La società, da poco in Italia, propone ai carrier integrazione e QoS.

Parlano direttamente con i carrier telefonici, non per niente la filiale italiana è a Roma, vicinissima a laboratorio Telecom con cui hanno una collaborazione di lunga data.


Tellabs è una società americana, di stanza vicino a Chicago, che da trent’anni, produce apparati per reti fisse e wireless fatturando nel 2004 1,2 miliardi di dollari.


L’offerta ora si è concentrata nell’integrazione dei servizi VoIp, Internet su banda larga e IpTv, il cosiddetto “triple play”.

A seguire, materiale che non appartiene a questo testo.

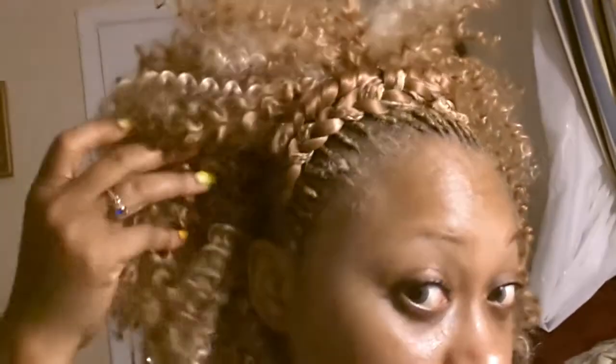Hey, what's up YouTube? It's your girl coming at you again with another protective crochet style. As you can see, I have the front of my hair — it is braided with some regular Calcum braiding hair in a number 27, and I basically braided it and made it into like a little headband.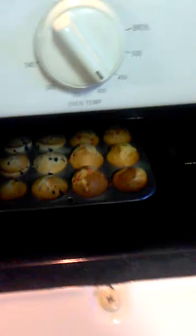Let's take a look at our muffins, shall we? Ooh, they're looking nice. Let's go here, check the timer. Oh, just about done.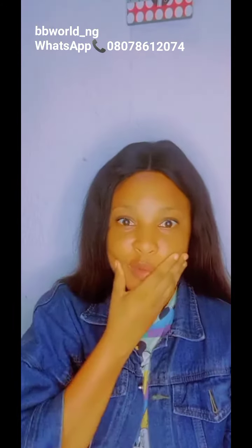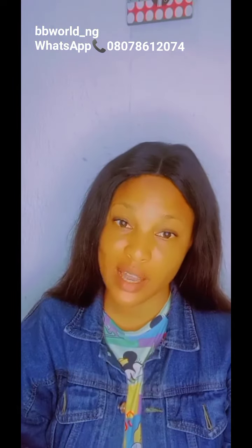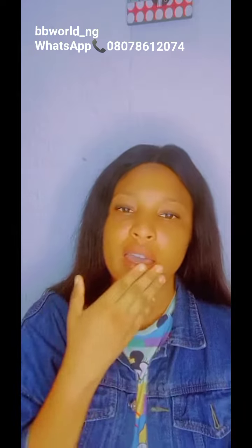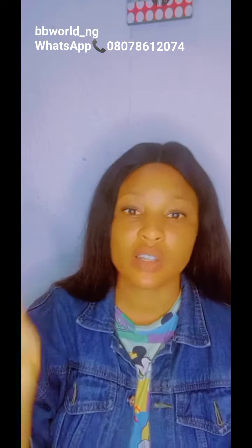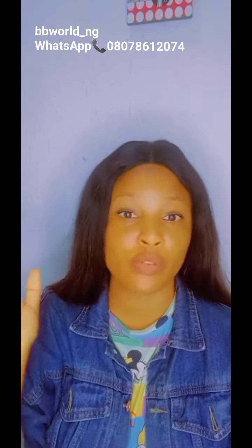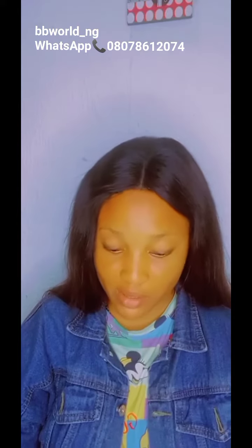Welcome to BB World! Today we're going to discuss menstrual pain. Thank you for tuning in, subscribing, downloading, sharing, and commenting — I'm so grateful, God bless you guys. I'm going to drop a remedy for menstrual pain.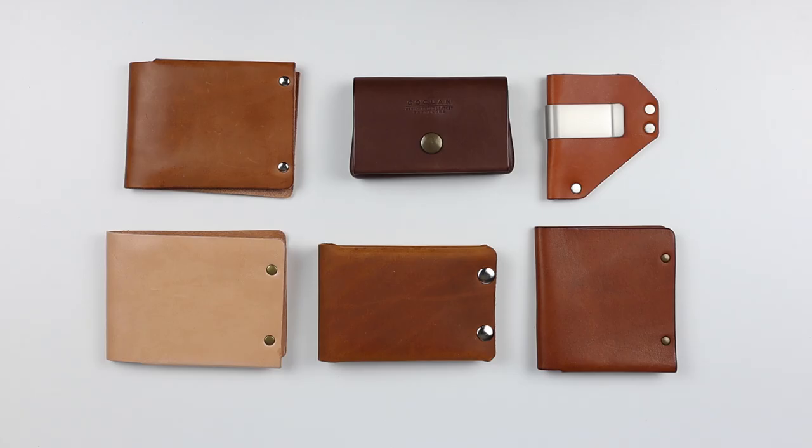With all the ways to create a wallet, sewing is the most common, but we do see other ways and the use of rivets is one of them. So today we're going over the top six rivet wallets.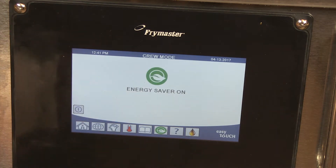Answer yes to the energy saving question with the check mark. The vat is in energy saving mode and the set point is reduced, usually about 100 degrees.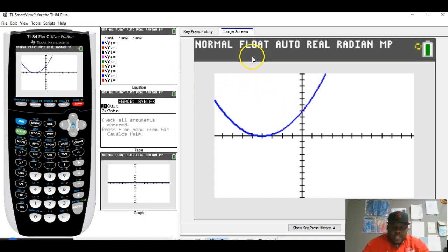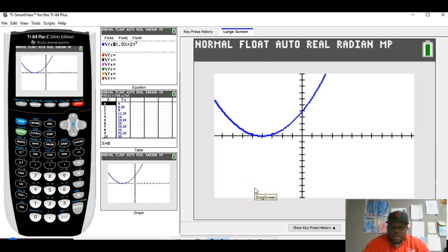Looking at the graph, a vertical line only touches it once, confirming this relation is a function. The graph comes down to y = 0 and goes up from there, which is why the range is y > 0. The parabola extends left to negative infinity and right to positive infinity, so the domain is all real numbers.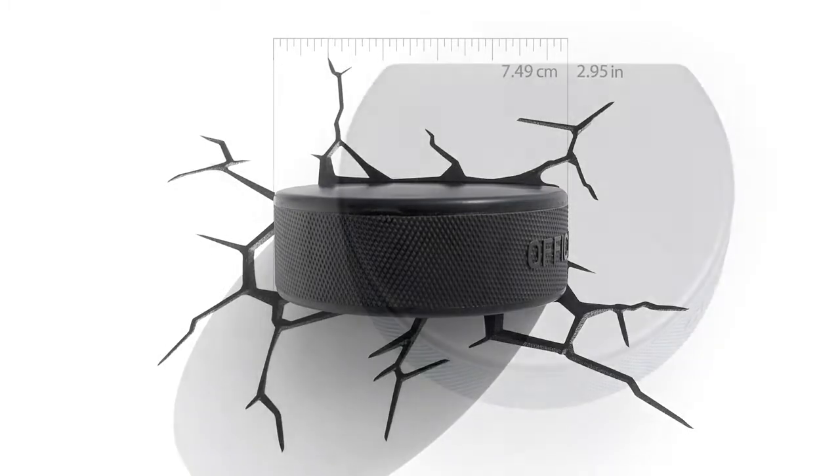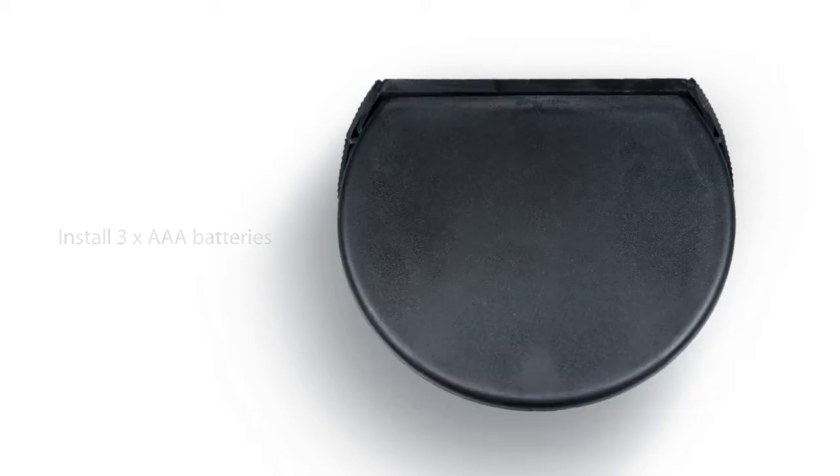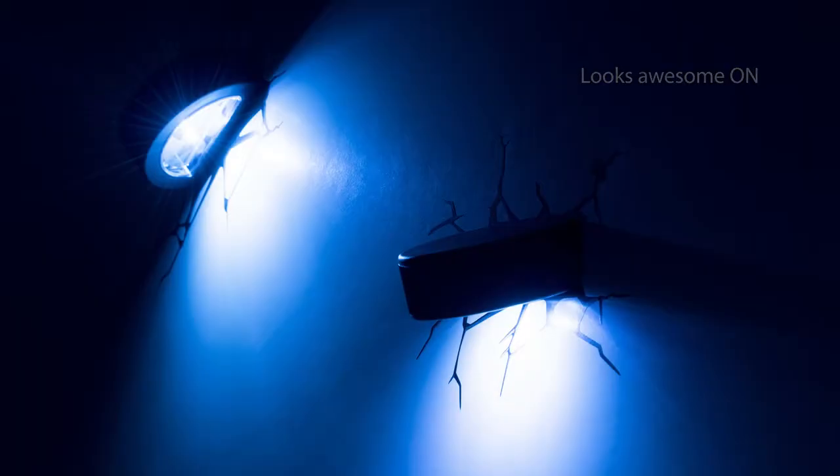The 3D Deco Light is battery operated, and since it uses LED lights, you'll never have to change the bulbs. It also never gets hot, so it's not only cool to the eye, it's also cool to the touch.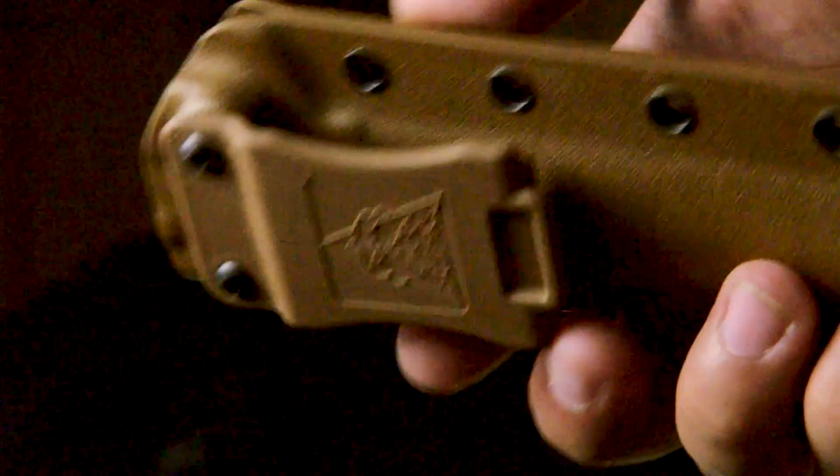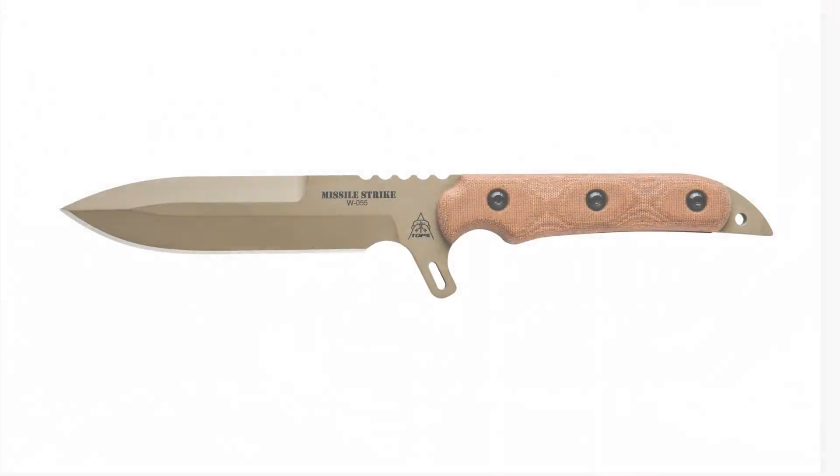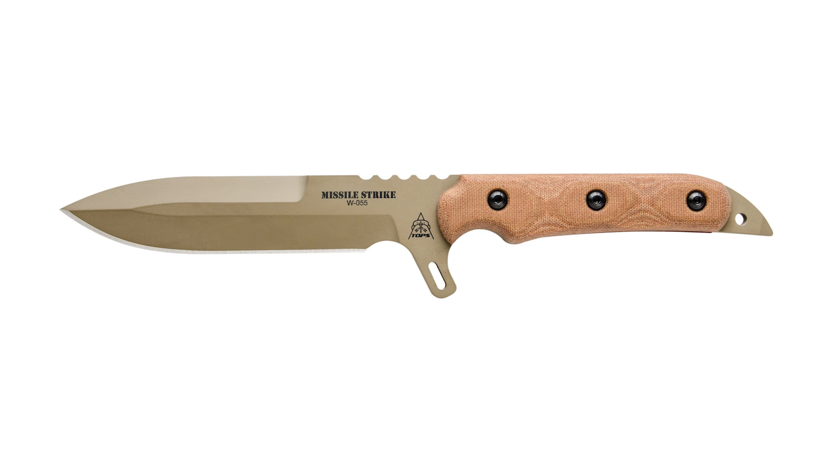It comes with a tan kydex sheath and has great retention, but still allows for a solid grip from the moment it's drawn. The knife can be sharpened upon request when ordered through ToppsKnives.com.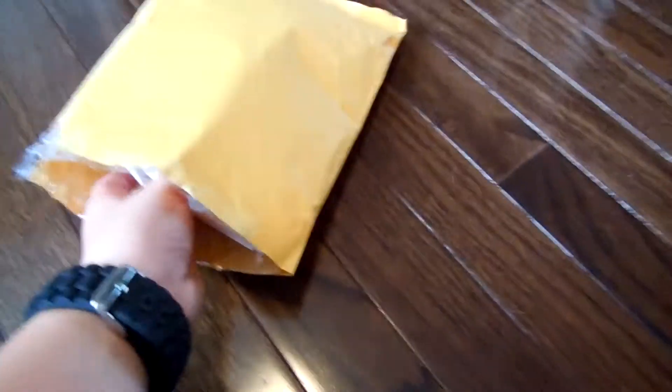Hey guys, what's up? Today I'm going to be unboxing the Apple iPod Touch 2nd Generation. I've already opened this up — I haven't seen the iPod yet, I just cut the wrapping.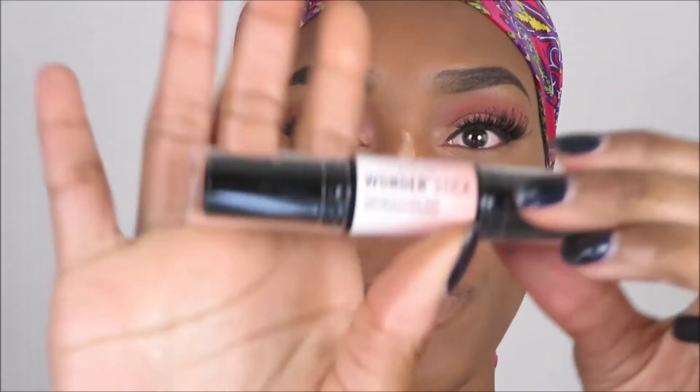I got this new NYX thing — I saw Miss Jackie on the back of it. It's a new NYX Wonder Stick Professional Highlight and Contour Stick. I was like, I've got to try it out, so let's see if it works.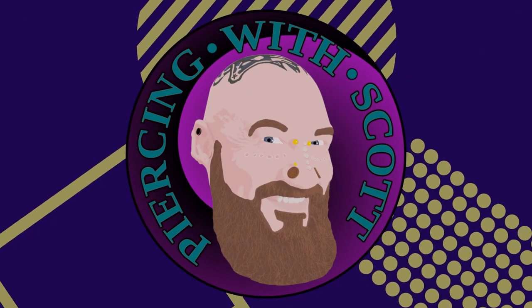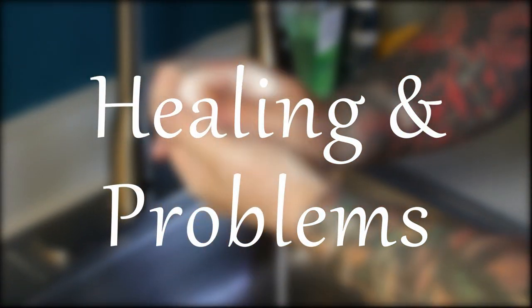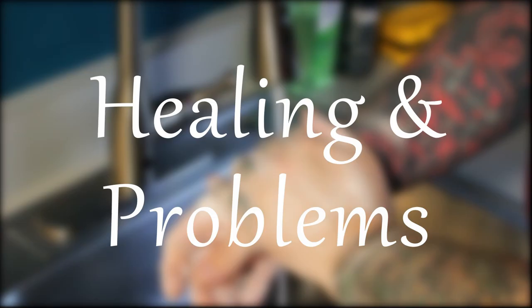What's better than a beautiful smile? A beautiful decorated smile. Today we're talking about the smiley piercing, also known as the scrumper piercing.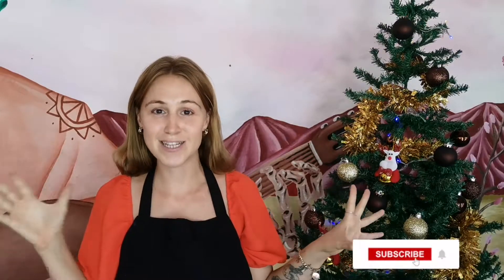Hi everybody and welcome back to my channel. Today we are doing something a little bit different — I am baking some Christmas cookies. I have never made cookies before; baking is not my strong point, but let's get into it. Let's see if I can actually create anything Christmasy. Comment below if you know some really great cookie recipes, because this is all just random.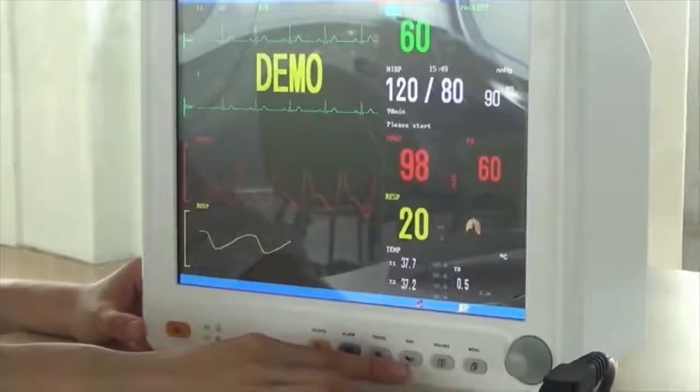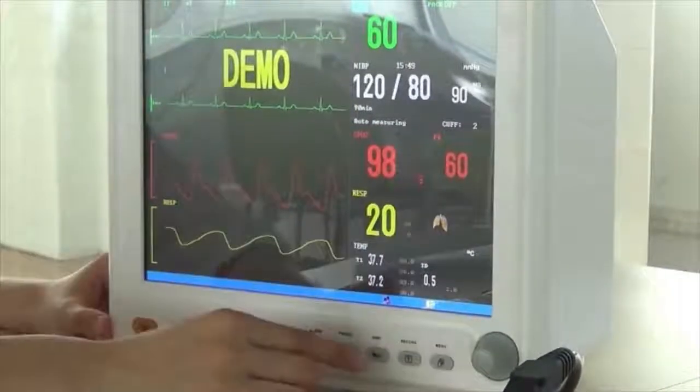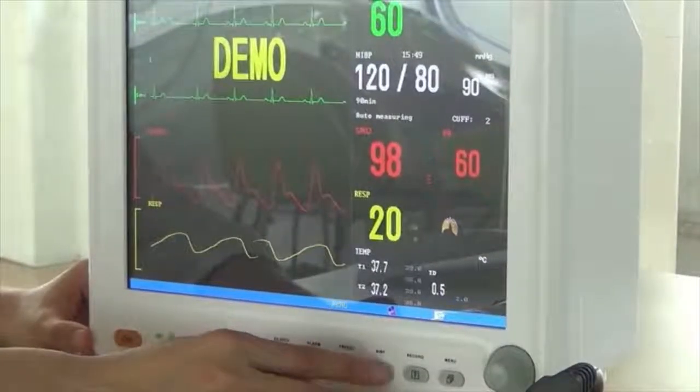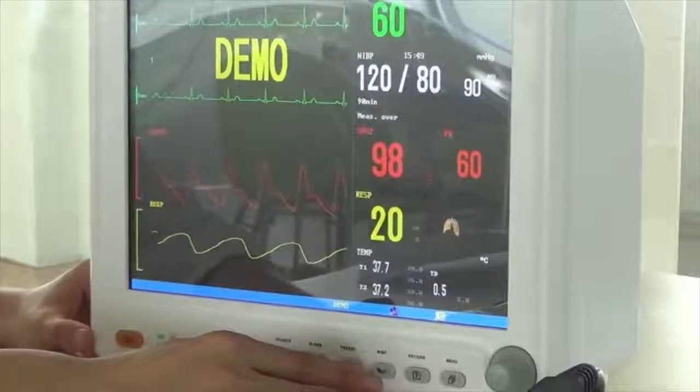N.I.B.P. Press it. You can see the patient monitor has begun to measure and inflate the cuff. Press again, and it will deflate the cuff and stop the measurement.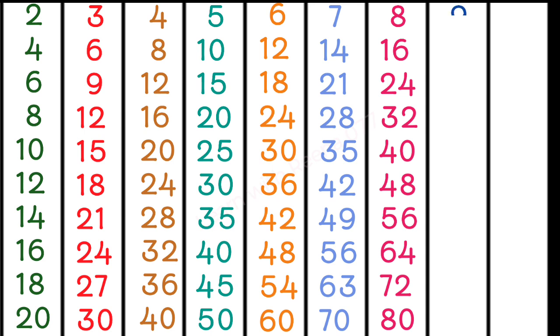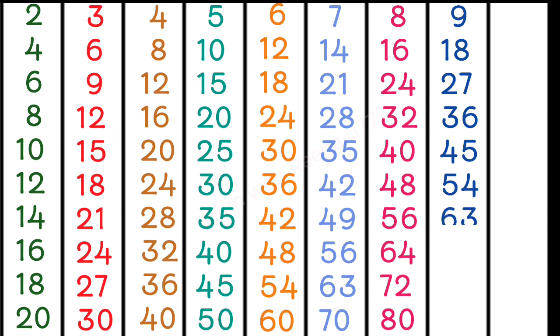9 1s are 9, 9 2s are 18, 9 3s are 27, 9 4s are 36, 9 5s are 45, 9 6s are 54, 9 7s are 63, 9 8s are 72, 9 9s are 81, 9 10s are 90.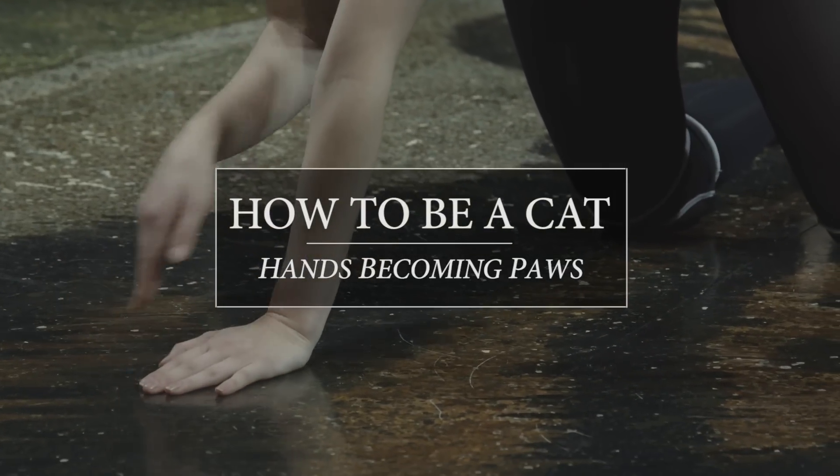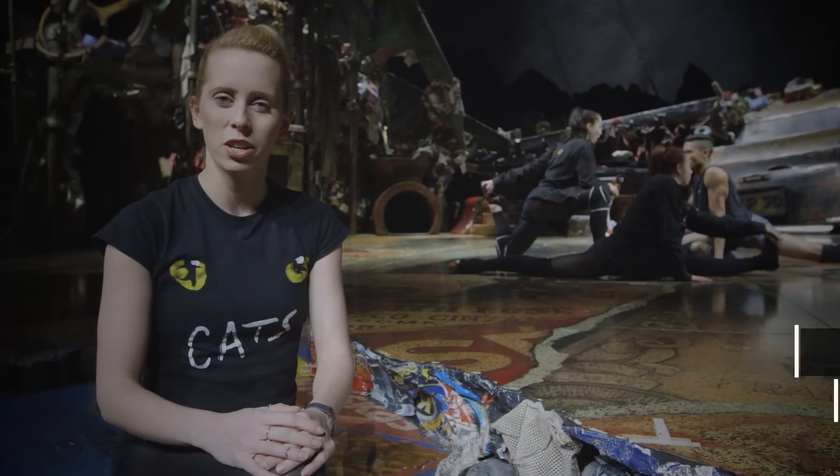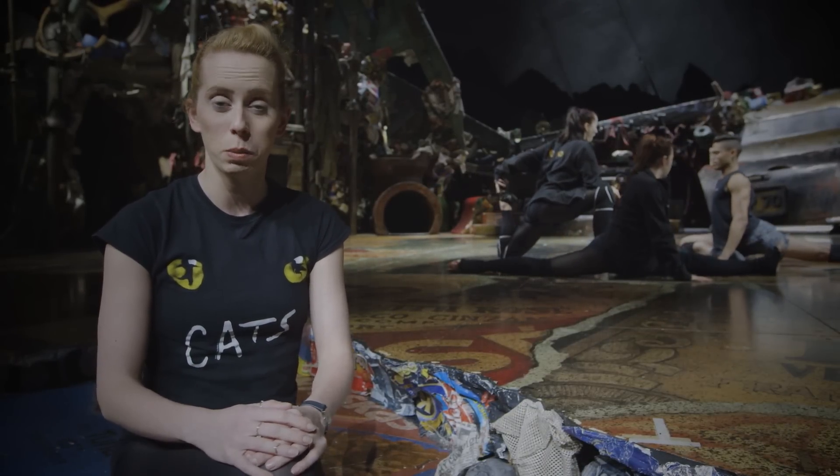Hello, I'm Claire Rickard and I'm the current dance captain on Cats the Musical here at the London Palladium. As you can see I'm joined by some of my fellow cast members and today we're going to show you a few exercises on how we become cats.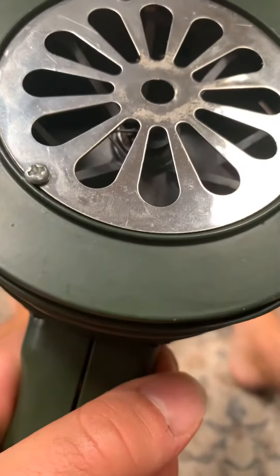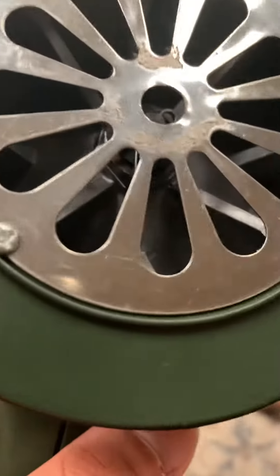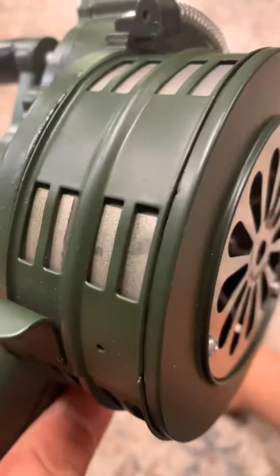Hey guys, it's Thunderbolt A-Series. Right here I got my hand crank siren. You can see it's got the cool-looking circles on it.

Più in particolare, le considerazioni di Tellabs partono dall’analisi delle reti presenti attualmente in Europa e in Italia. «Siamo di fronte a una situazione di forte eterogeneità – afferma Stephen M. McCarthy, vicepresidente esecutivo della divisione Global Customer Sales & Service – in cui sono richiesti apparati che consentano lo sfruttamento delle diverse tecnologie ma, allo stesso tempo, senza buttare via le vecchie infrastrutture».


Così, Tellabs propone la linea AssureEthernet e MultiservicePLuS, e in particolare in Italia punta sui multiservice router 8800 e nel managed edge system 8600 che si occupano di far comunicare i servizi attualmente presenti su Atm o su altri standard verso reti ethernet «e garantendo il giusto livello di servizio – puntualizza Roberto Cepparotti, responsabile di Tellabs Italia – senza interruzioni o ritardi di segnale». Alle due linee si aggiunge la linea di apparati Tellabs IntegratedMobile che, ancora una volta, si occupa di fare ordine tra i diversi segnali wireless (Gsm, 3G e Umts per esempio).


Insieme a Cepparotti in Italia lavorano altre due persone con pure funzioni di consulenza e commerciale, «mentre per il supporto tecnico sfrutteremo uno dei nomi più noti che girano nell’ambito Telecom»– prevede Cepparotti. Difficile giustificare con un solo cliente, benché importante come Telecom Italia, l’apertura di una sede italiana. Infatti, Cepparotti conta di ampliare il suo portafoglio ma con i dovuti distinguo.


«Le vicissitudini finanziarie di Albacom prima e di Wind ora – afferma – ci fanno spostare l’attenzione verso altri player come Fastweb, per esempio».